With 1 million cruise ship passengers visiting each year, the Nassau is an immensely crowded place. It’s close to East Coast departure points, and an easy first stop on many sailings. The result: unavoidable crowds in the winter high season, and as many as seven ships in the port at a time.
Still, the tourism industry is a well-oiled machine here. Nassau's vendors are ready for the throngs of visitors, and the British-bred manners keep the hard sell to a minimum. Best of all, if you’re willing to look past the touristy shops and restaurants that cluster around the port, you’ll find plenty of treasures worth seeking on the other side.
Breakfast: The Cricket Club Restaurant & Pub – This institution, an easy 10-minute taxi ride from Nassau's cruise port, serves traditional English breakfast (eggs with baked beans, sausages, and fried tomatoes) all day. You can also order what the Bahamians tend to prefer: tuna fish with grits, or sheep tongue souse — a form of pickled meat. Sports fans will be happy to see the plethora of flat-screen TVs showing both American sports and live cricket matches.
Lunch: Tony’s Seafood – Potter’s Cay, a row of seafood shacks under the Paradise Island Bridge is the spot for fresh conch. You’ll find locals as well as in-the-know tourists queuing in front of their favorite stall looking for a quick lunch. Of all the seafood on offer, Tony’s is our favorite stop, and the conch salad is the top draw — the mollusk is cracked right in front of you and chopped up with tomatoes, onions, green peppers, and your requested amount of spice. (Many locals like it hot, but you don’t have to ask for it that way.)
Dinner: Anchorage Market & Restaurant – If you choose a cruise that stays late or overnights in Nassau (Carnival does, FYI), you’ll be able to dine at this oceanfront hot spot in the popular Arawak Cay Fish Fry area, which is a pleasant 20-minute walk from the port. Couples flock to the upper balcony tables, a most romantic place to catch the sunset while sipping on a rum drink and savoring grilled grouper and spiny lobster.

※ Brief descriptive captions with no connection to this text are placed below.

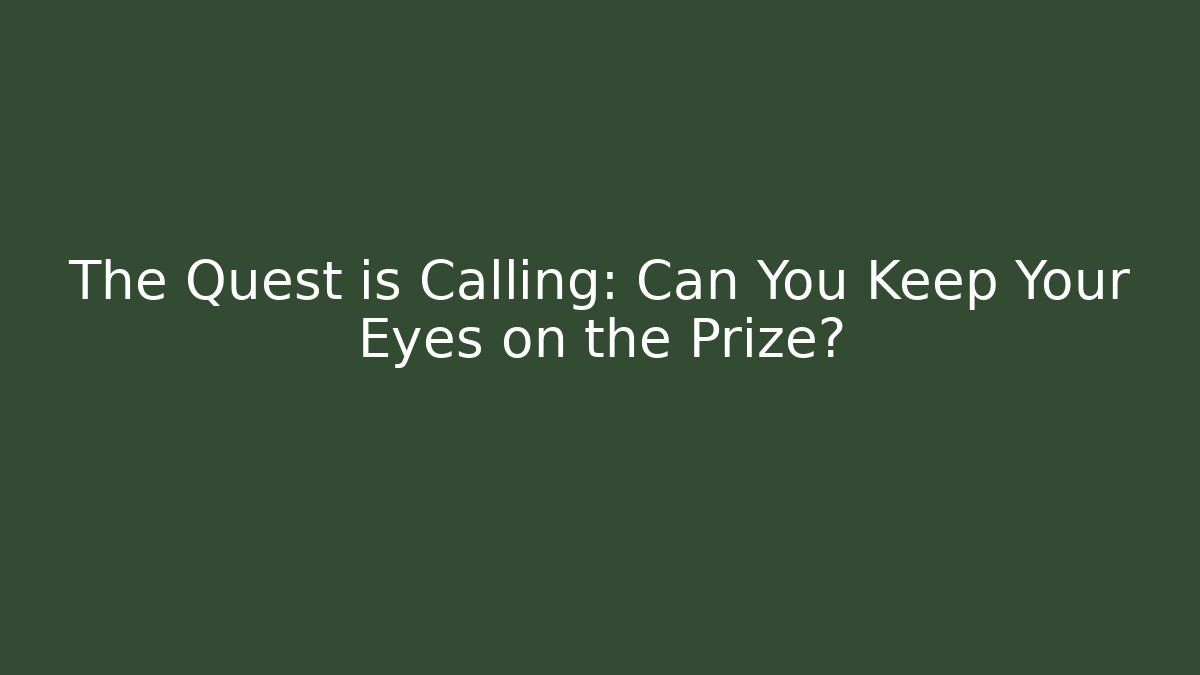 The Quest is Calling: Can You Keep Your Eyes on the Prize?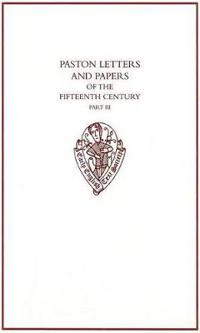 Paston Letters and Papers of the Fifteenth Century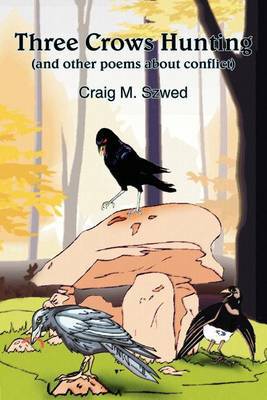 Three Crows Hunting by Craig M. Szwed image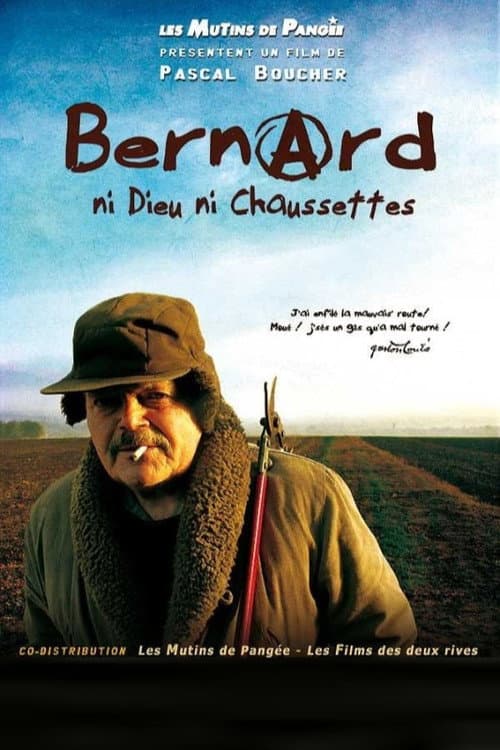 Poster for Bernard, ni dieu ni chaussettes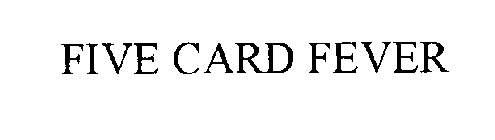 FIVE CARD FEVER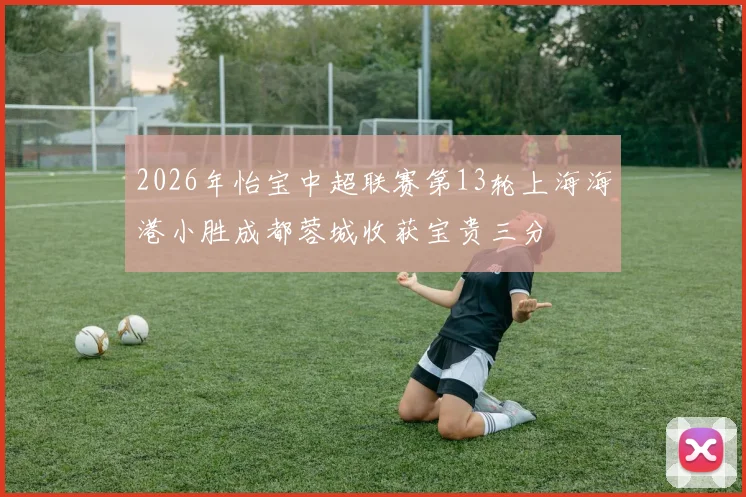 2026年怡宝中超联赛第13轮上海海港小胜成都蓉城收获宝贵三分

Dessert: Bahamas Rum Cake Factory – Plenty of islands have rum cakes, but the bundt-style goodies from this shop on East Bay Street come with a tiny jug of rum syrup to pour over the cake for added kick. The cakes are made with Don Lorenzo Rum, distilled in Freeport on Grand Bahama Island, and come in a variety of flavors, including piña colada, banana, and chocolate.
For Everyone: The Pirates Museum – You’ll learn all about the island’s history of hosting famous swashbucklers, including Blackbeard and Anne Bonny, at this museum on the corner of Marlborough and George Streets. Visit the museum on your own, or sign up with your cruise line for a full island tour that details local lore and begins at the gangway of your ship.
For Couples: Breezes Bahamas Resort – It’s hard to ignore the allure of Atlantis — Paradise Island’s biggest resort, which has several hotel towers, a casino, and many restaurants and activities. Most cruise lines offer a package with a day pass, which (for about $100 per person) includes transfers and use of the beach facilities. But you’ll get more bang for your buck — and avoid the throngs of children — by heading to this adult-only, all-inclusive resort, where $65 per person buys all you can eat, drink, and play. Call ahead and reserve your pass, and then take a taxi from the port.
For Families: Educulture museum – This West Street museum is dedicated to the Mardi Gras-like Junkanoo parade, which takes place every December 26. Here, you can learn year-round about the history of the event and try on elaborate costumes and masks. Call ahead for an appointment, and you’ll be taken to the large shacks where floats are built — and learn about the islandwide competition to make the best one.
For the Adventurous: Stuart Cove's – The bravehearted can sign up here for a two-tank dive that takes you to see reef sharks up close. This underwater tour outfitter, which has been in operation in 1978, also offers snorkeling and underwater scooter tours. Bonus: They’ll pick you up from the cruise port.
Bypass the Straw Market on Bay Street and instead peruse the artisanal vendors right inside the Festival Place cruise terminal at Prince George Wharf, which you have to pass through anyway to return to the gangway. You’ll find only authentic Bahamian goods rather than mass-market items that are often made in China; we especially like the conch shell jewelry at Andeana Designs.